Short text fragments from websites:
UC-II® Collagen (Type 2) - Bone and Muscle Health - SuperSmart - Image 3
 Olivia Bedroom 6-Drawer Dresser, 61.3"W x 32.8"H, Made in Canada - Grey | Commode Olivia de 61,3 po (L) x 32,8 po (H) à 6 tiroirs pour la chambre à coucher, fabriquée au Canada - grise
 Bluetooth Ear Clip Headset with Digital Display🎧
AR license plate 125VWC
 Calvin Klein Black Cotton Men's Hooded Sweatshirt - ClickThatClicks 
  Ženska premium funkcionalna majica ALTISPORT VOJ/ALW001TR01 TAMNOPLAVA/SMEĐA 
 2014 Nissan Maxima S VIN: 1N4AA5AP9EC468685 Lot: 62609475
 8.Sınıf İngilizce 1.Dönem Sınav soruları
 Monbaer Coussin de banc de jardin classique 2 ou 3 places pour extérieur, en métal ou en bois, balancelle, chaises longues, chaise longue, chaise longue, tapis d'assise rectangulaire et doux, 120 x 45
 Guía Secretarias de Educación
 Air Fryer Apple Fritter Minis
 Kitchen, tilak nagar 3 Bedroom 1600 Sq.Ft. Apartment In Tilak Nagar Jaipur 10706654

Task requirements>
Lines from the one containing "2014 Nissan Maxima" through the final line of the entries above are to be output exactly; omit all others.

Result of the task>
 2014 Nissan Maxima S VIN: 1N4AA5AP9EC468685 Lot: 62609475
 8.Sınıf İngilizce 1.Dönem Sınav soruları
 Monbaer Coussin de banc de jardin classique 2 ou 3 places pour extérieur, en métal ou en bois, balancelle, chaises longues, chaise longue, chaise longue, tapis d'assise rectangulaire et doux, 120 x 45
 Guía Secretarias de Educación
 Air Fryer Apple Fritter Minis
 Kitchen, tilak nagar 3 Bedroom 1600 Sq.Ft. Apartment In Tilak Nagar Jaipur 10706654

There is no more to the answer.